#### [Task]
Each line from the start of the records through the line containing "VENTA-OBRA NUEVA-PINAR DE" is to be transcribed exactly, and no other line is to be included.

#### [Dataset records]

BEGIN

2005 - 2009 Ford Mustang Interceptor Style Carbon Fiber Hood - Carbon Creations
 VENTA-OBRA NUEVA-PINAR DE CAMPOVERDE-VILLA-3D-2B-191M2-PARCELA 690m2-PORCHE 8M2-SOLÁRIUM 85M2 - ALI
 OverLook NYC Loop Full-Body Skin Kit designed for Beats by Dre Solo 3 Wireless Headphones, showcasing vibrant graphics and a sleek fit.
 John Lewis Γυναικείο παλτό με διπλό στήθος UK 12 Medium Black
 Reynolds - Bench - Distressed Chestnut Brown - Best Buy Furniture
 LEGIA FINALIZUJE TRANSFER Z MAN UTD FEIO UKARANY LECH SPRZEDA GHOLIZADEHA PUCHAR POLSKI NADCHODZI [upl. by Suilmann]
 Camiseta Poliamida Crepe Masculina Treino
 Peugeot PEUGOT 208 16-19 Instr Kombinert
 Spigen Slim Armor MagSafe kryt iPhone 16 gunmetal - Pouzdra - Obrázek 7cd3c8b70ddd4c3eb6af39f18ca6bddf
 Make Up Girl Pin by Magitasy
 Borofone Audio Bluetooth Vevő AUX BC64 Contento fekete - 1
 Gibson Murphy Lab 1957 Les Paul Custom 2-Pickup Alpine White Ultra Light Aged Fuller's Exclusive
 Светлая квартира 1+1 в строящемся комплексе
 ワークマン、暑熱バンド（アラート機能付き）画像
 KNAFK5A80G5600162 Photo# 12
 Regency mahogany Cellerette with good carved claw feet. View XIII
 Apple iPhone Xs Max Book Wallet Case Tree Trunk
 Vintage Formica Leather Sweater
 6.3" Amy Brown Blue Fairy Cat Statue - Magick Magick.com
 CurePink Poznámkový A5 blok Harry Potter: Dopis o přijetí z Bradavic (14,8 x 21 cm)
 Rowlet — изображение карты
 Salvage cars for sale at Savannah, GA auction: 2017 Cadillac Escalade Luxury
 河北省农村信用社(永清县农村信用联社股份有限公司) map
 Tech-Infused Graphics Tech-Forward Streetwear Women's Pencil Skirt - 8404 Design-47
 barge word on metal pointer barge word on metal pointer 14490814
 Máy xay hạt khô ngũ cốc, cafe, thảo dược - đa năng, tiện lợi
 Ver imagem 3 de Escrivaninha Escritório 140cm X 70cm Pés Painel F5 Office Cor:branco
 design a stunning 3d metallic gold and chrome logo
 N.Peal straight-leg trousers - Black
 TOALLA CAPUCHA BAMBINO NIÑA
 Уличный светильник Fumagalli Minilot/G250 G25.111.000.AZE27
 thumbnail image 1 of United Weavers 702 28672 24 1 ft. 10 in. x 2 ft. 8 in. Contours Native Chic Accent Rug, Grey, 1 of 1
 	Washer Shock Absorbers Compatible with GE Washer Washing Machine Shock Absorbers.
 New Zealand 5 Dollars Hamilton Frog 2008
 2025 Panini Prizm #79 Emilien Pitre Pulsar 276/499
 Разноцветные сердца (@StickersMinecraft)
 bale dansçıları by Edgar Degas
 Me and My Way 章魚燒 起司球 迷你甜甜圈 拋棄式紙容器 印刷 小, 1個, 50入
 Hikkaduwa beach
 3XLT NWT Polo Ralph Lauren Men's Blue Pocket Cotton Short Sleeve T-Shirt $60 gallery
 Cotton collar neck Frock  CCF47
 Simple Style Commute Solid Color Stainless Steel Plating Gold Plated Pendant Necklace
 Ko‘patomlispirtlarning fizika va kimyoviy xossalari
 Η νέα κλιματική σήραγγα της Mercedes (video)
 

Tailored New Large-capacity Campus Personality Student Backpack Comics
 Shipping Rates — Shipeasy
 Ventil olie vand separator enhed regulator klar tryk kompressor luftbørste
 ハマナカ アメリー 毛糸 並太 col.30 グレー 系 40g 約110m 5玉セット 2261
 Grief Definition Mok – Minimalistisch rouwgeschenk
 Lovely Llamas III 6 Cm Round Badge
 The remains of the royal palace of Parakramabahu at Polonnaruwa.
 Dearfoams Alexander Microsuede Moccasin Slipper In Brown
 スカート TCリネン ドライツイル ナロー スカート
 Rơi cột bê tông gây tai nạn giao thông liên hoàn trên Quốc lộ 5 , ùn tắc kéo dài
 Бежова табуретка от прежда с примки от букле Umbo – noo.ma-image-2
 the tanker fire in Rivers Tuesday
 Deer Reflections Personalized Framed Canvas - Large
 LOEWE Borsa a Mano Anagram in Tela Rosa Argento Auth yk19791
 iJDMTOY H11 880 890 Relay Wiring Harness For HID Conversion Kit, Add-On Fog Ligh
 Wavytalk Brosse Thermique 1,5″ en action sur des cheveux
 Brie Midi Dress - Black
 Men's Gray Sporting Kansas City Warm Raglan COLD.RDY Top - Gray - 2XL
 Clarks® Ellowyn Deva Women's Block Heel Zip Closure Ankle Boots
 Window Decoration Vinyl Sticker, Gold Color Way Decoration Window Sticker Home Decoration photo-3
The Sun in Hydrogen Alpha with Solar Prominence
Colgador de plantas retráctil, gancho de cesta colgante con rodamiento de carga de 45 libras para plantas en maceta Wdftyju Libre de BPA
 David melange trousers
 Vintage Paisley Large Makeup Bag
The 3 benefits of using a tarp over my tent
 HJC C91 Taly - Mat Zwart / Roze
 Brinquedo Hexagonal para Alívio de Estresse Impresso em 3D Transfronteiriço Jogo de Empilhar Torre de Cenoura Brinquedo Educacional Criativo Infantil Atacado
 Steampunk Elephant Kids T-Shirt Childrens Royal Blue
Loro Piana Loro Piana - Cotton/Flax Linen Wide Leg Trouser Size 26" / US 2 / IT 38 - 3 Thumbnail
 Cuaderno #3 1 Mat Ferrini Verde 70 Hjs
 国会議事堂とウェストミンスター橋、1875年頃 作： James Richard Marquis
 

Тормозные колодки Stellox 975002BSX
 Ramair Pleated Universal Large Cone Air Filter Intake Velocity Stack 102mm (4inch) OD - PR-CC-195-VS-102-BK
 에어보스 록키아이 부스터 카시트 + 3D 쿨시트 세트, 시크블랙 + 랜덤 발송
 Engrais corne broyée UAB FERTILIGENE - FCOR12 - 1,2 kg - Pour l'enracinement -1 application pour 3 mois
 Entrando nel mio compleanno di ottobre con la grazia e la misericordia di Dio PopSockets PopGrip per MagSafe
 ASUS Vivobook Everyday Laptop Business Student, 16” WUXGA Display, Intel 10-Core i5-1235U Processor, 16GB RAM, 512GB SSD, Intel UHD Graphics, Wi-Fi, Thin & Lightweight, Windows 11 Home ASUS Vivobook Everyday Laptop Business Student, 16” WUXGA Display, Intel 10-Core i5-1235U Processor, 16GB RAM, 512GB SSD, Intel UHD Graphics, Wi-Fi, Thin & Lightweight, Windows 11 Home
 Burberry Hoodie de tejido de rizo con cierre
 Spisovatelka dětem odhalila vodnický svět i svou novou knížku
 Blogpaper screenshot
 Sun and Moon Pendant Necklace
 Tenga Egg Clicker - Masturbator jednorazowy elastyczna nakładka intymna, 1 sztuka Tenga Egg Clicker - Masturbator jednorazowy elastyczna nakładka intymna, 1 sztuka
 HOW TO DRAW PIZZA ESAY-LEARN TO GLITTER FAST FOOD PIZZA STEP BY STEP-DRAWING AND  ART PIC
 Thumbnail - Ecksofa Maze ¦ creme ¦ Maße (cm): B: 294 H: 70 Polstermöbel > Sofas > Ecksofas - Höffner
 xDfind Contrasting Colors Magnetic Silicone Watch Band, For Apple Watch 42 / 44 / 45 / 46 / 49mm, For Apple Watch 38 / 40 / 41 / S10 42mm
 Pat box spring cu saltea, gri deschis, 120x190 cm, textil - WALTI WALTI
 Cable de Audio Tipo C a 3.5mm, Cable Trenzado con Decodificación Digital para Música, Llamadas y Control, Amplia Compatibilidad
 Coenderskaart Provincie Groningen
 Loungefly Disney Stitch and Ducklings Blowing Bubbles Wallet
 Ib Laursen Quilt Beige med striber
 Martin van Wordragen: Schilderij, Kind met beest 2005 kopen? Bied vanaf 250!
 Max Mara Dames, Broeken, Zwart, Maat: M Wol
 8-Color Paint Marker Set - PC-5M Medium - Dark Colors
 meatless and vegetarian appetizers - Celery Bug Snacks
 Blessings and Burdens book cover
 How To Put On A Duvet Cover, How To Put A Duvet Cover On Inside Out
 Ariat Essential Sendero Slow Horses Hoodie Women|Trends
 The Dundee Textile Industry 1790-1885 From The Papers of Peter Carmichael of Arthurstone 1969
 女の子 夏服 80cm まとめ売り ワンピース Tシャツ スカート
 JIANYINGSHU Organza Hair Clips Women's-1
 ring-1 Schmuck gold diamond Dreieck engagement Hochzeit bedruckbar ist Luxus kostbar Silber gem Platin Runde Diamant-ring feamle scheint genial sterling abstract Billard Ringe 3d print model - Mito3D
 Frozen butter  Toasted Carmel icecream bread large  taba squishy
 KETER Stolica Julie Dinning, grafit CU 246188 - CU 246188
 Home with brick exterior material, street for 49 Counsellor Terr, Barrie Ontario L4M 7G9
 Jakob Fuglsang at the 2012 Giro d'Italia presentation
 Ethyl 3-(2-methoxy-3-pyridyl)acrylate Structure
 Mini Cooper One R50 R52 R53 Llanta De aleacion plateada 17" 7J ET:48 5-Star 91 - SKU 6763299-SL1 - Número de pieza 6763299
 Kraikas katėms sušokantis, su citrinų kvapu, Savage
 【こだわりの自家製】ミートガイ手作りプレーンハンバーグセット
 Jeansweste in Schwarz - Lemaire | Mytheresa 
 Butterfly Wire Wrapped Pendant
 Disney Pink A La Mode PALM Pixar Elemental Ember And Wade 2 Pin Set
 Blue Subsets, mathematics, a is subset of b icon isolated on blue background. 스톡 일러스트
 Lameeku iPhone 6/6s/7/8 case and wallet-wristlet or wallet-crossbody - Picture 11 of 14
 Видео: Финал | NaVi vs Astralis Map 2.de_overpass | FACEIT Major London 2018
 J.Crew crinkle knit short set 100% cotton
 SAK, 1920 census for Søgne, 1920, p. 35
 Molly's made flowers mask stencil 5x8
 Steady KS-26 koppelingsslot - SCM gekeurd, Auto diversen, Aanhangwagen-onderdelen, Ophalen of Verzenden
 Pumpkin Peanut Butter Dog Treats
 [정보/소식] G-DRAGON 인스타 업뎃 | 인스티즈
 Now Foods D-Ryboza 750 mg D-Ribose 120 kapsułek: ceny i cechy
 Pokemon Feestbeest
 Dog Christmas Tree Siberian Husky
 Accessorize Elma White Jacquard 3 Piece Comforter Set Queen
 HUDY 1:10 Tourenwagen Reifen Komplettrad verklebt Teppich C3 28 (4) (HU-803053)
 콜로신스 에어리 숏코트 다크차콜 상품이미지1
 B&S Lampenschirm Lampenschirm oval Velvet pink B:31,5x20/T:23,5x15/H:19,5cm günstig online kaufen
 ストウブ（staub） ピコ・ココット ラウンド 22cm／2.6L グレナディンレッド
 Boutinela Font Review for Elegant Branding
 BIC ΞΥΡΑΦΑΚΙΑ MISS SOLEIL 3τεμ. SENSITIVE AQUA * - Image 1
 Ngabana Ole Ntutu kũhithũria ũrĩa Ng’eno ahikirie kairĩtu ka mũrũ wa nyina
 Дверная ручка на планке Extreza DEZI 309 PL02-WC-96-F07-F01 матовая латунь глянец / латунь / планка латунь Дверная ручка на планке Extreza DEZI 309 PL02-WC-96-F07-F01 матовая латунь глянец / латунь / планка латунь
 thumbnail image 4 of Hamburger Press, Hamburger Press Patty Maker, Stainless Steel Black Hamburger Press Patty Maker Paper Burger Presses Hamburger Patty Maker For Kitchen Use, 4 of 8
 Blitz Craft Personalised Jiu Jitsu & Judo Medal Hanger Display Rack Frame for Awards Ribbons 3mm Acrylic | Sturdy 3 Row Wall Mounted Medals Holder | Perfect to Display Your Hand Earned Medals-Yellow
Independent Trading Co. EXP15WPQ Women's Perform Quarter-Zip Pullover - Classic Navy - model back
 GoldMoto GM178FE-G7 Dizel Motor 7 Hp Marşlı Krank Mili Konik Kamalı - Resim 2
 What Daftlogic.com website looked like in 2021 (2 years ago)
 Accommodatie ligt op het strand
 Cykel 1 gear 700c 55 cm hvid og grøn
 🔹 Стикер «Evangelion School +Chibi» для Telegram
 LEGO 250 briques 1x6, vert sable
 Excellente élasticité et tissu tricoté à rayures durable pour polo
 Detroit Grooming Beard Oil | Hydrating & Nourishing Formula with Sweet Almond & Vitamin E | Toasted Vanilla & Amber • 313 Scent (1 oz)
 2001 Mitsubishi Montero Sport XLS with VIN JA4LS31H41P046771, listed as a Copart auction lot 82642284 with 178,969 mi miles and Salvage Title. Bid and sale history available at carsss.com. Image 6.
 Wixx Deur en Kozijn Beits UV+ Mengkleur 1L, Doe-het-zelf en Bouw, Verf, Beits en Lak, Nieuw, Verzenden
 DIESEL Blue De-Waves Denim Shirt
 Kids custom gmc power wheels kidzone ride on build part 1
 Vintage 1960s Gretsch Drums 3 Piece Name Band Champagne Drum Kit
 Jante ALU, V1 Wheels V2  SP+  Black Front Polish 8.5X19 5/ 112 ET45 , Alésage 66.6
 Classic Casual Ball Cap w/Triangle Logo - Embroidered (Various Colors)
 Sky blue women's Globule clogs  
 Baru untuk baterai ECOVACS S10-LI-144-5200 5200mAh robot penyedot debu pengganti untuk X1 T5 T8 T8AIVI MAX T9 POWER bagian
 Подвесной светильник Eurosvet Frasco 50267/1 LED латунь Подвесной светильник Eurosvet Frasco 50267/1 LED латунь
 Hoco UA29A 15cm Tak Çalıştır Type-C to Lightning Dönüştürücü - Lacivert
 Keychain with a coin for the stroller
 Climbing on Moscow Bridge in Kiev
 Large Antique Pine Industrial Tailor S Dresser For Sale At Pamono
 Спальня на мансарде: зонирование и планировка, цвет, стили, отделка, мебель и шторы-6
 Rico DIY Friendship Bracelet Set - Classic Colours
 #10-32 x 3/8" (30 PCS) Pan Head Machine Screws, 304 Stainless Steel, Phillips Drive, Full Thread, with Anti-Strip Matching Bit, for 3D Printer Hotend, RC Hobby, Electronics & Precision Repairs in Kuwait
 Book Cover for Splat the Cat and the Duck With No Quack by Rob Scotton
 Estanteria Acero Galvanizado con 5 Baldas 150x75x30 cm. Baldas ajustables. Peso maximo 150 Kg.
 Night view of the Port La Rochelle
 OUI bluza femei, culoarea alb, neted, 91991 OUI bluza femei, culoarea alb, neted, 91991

END

#### [Task answer]
2005 - 2009 Ford Mustang Interceptor Style Carbon Fiber Hood - Carbon Creations
 VENTA-OBRA NUEVA-PINAR DE CAMPOVERDE-VILLA-3D-2B-191M2-PARCELA 690m2-PORCHE 8M2-SOLÁRIUM 85M2 - ALI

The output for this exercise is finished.